ACTIVITY:
Beginning with the line that contains "Photo - W 8th 417-419 NCR Unidad 419", copy each remaining line of the data below exactly.

(Records from a data collection)

******************************

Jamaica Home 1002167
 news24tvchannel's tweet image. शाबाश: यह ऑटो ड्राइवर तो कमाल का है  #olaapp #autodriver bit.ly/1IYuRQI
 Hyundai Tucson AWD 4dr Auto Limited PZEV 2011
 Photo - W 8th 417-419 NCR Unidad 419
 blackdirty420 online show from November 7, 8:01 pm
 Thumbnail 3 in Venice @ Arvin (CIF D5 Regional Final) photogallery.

******************************

SOLUTION TO THIS PROBLEM:
 Photo - W 8th 417-419 NCR Unidad 419
 blackdirty420 online show from November 7, 8:01 pm
 Thumbnail 3 in Venice @ Arvin (CIF D5 Regional Final) photogallery.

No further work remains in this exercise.